Why It Makes Sense To Buy Gold

Gold is the most under-invested asset but it still makes sense to buy it

“The desire for gold is not for gold. It is for the means of freedom and benefit.” These words by Ralph Waldo Emerson sum up the reason why the yellow metal continues to hold favour among investors across the globe. While retail investors seek freedom from inflation, large buyers (read Central banks, hedge funds) seek freedom from currency devaluation. In this era of Quantitative Easing (QE) and artificial monetary support, markets are rewarding gold for its sheer quality of maintaining purchasing power. If one cuts off the incessant money printing across the globe, gold would be reduced to a worthless asset in the end. To put it simply, it is not the value of gold that is going up, but the value of currencies that is coming down.

The US Federal Reserve’s balance sheet was just under $900 billion in early 2008, but it has expanded to just over $2.8 trillion currently. The gold mine production rate has remained flat in comparison.

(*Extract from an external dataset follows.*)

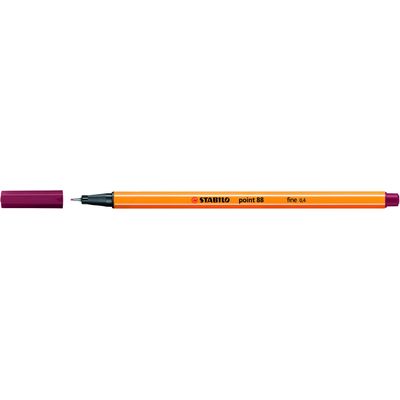 STABILO Point 88 - Feutre fin - 0.4 mm - pourpre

More importantly, balance sheet inflation continues at the same pace. The Fed recently announced another round of QE policies that could see around $1 trillion being added to the Fed’s balance sheet every year till they decide to stop printing money. With the re-election of Japan’s Liberal Democratic Party, the nation is poised to witness an easier money policy in a bid to boost economic growth. It is such synchronised efforts from Central banks across the globe that has further accentuated gold’s role as a monetary alternative. The fiscal role of gold is gaining more ground with the Basel Committee on Banking Supervision as it is considering defining gold as a ‘tier 1’ asset in line with cash and AAA government securities. It is expected to open doors for gold to compete with cash and government bonds on bank balance sheets.

Yet, gold remains one of the under-invested assets. Currently around 1 percent of global financial assets are invested in gold. We believe gold is far from being in a bubble phase. Gold price performance in all G7 currencies in the past five to 10 years stands testimony to the fact that it’s a broad-based rally.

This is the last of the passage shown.